The Tottenham Thunder are a Canadian junior ice hockey team based in Tottenham, Ontario.  They play in the Greater Metro Junior A Hockey League (GMHL). The team was known as the Tottenham Steam for its first six seasons.

History
The Tottenham Steam joined the Greater Metro Junior A Hockey League (GMHL) in 2014.  Their first general manager and head coach was Ryan Wood. The Steam played their first game, at home, on September 6, 2014.  Hosting the Russell Cup champions Bradford Bulls, winning 7–5. The first goal in team history was scored by Brian Rupp after 3:44 into the first period.

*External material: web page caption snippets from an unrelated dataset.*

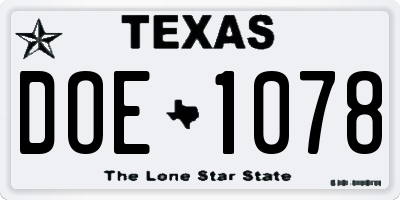 TX license plate DOE1078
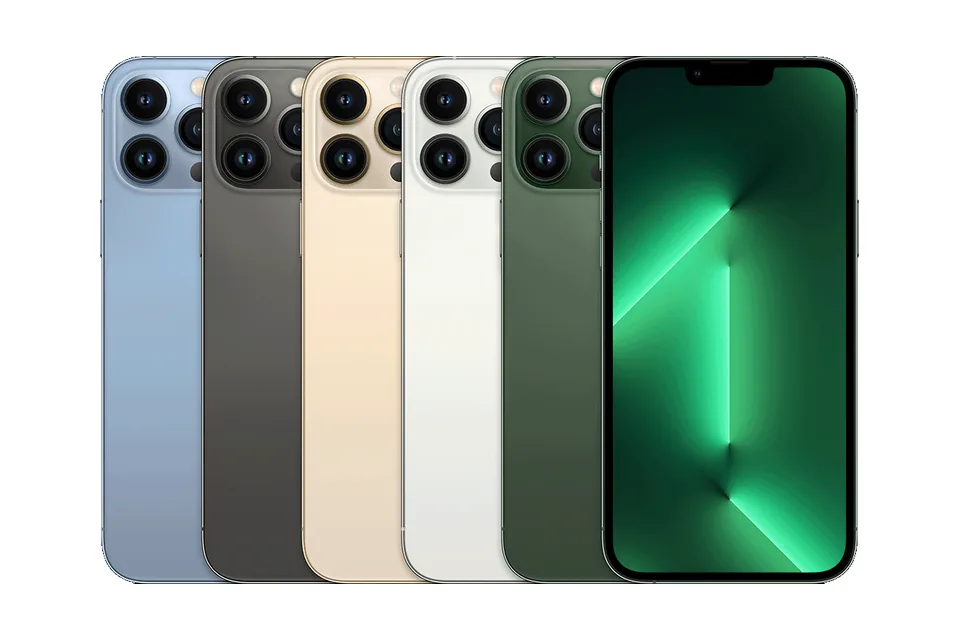 iPhone 13 Pro Max, shown from the back in its colours and from the front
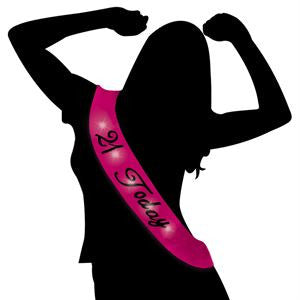 Flashing 21 Today Birthday Sash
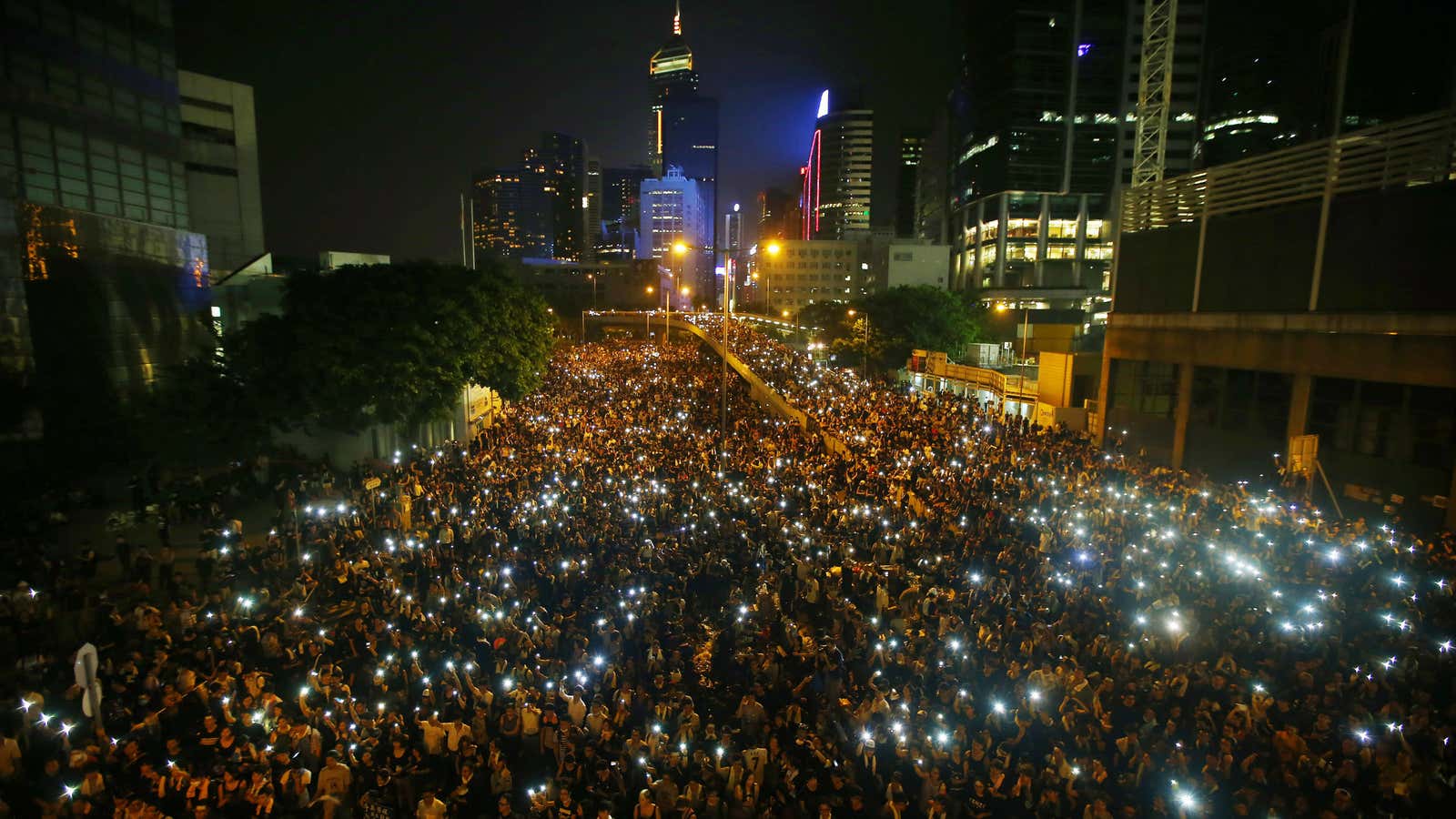 Central Hong Kong on the evening of Sept. 29.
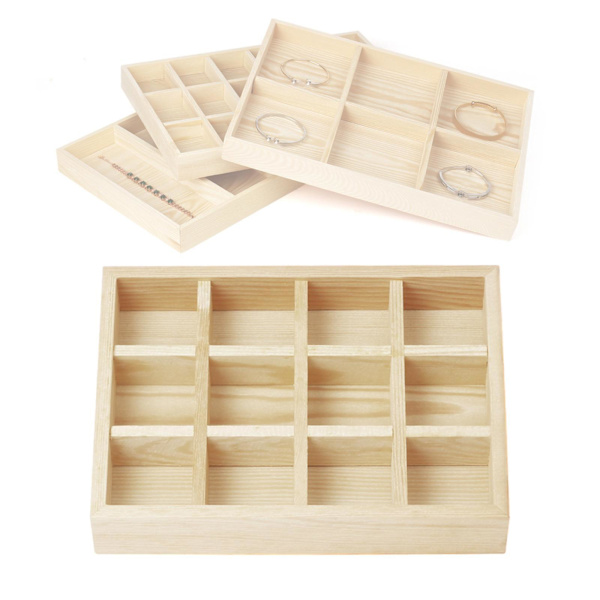 1/3/5 Smycken Display Fack Case Pärlor Hållare Ädelstensarmband 12grids 7.87x5.91x1.38 Inch 1Set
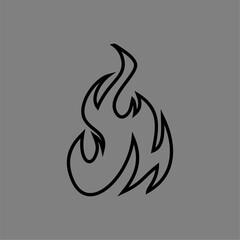 vector logo design fire outline minimalist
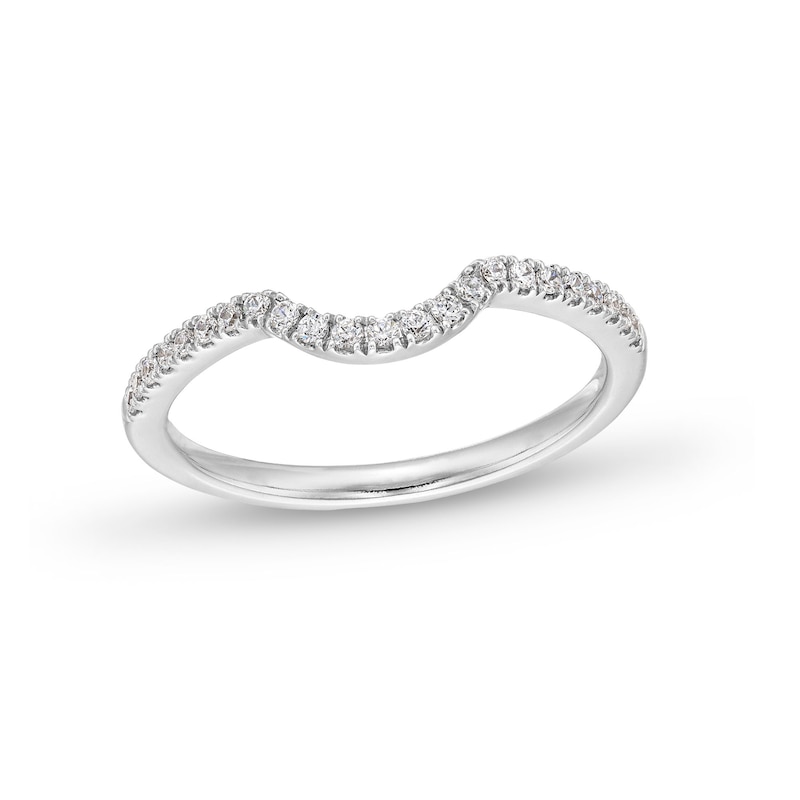Main Image 1 of 1/6 CT. T.W. Diamond Contour Anniversary Band in 14K White Gold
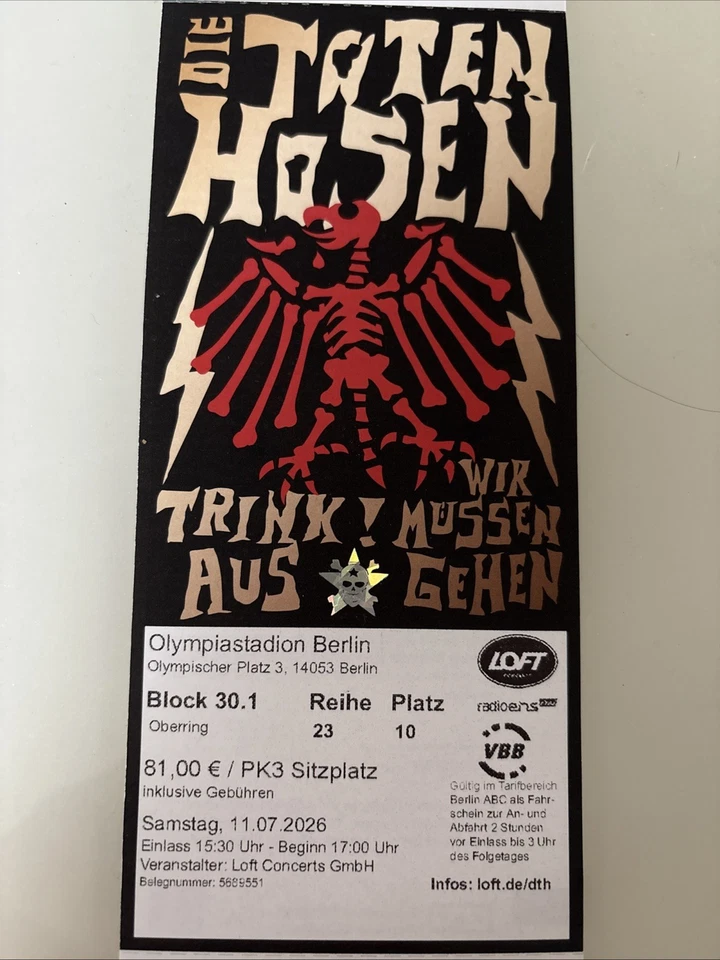 Die Toten Hosen 11.7.26 In Berlin Olympiastadion 2 Tickets - Bild 2 von 2
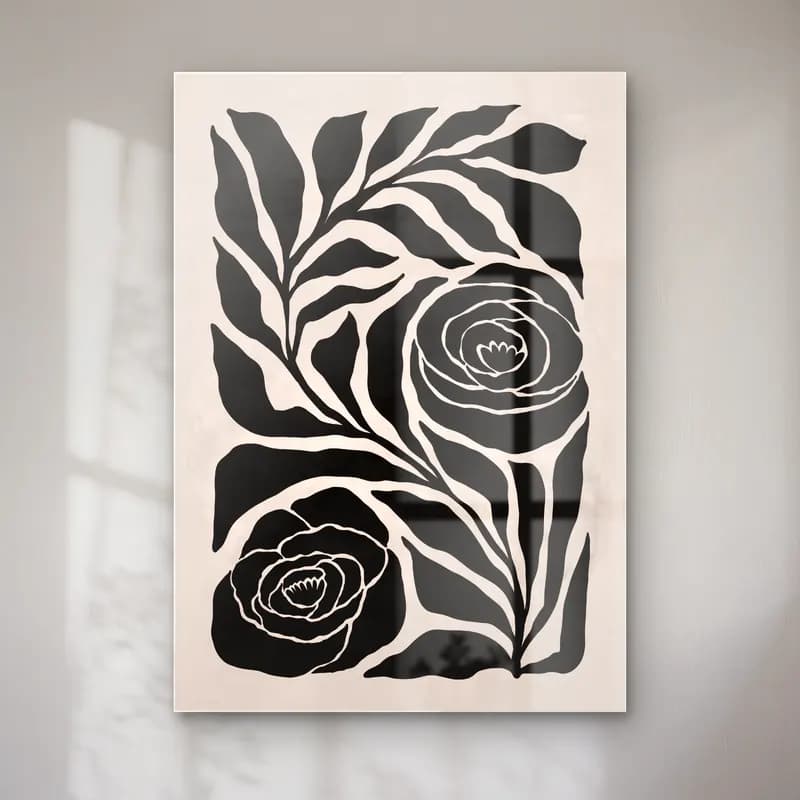 Boho Çiçek Deseni No. 86 cam tablo — Boho Çiçek Deseni No. 86 — boho çiçek deseni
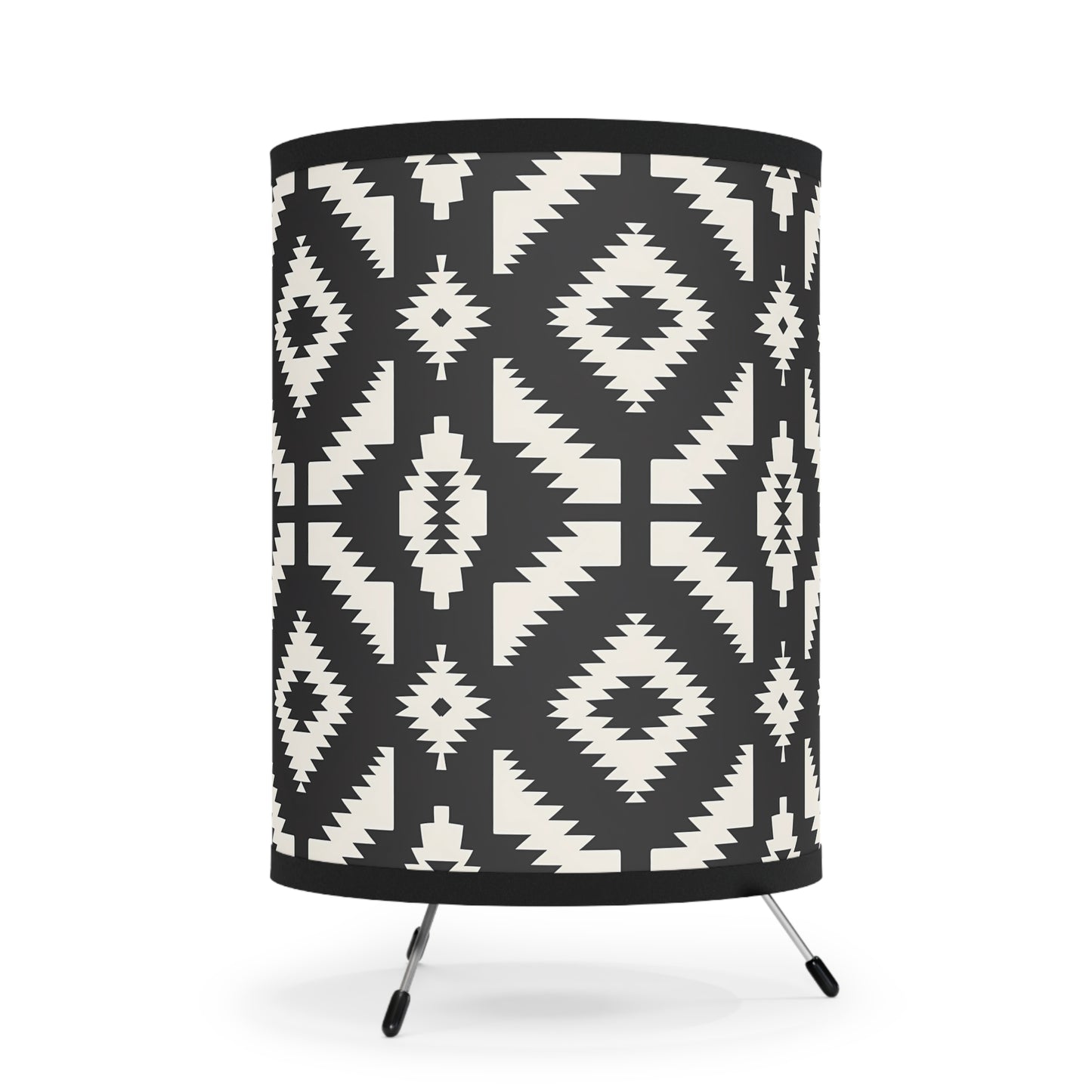 Tribal Print Tripod Lamp - Boho Decor, Artistic Lighting, Home Accent, Modern Design, Cozy Living Space, Stylish Gift Idea - LOLA VEGAS ART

Shortly after winning their first Russell Cup championship in 2016, the Tottenham Steam gained new owners in the DaSilva family. Cup-winning coach Ryan Wood left the team to take the same positions with the New Tecumseth Civics. The DaSilva's initially brought in Johan Moell as general manager and Jim Aldred as head coach for the 2016–17 season but would instead hire former NHL All-Star Dennis Maruk as head coach. However, Maruk had to take a leave of absence midseason and was replaced by Brandon Billie. For the 2017–18 season, the Steam brought in Matt Hamilton as head coach and general manager after previously coaching the Bradford Rattlers.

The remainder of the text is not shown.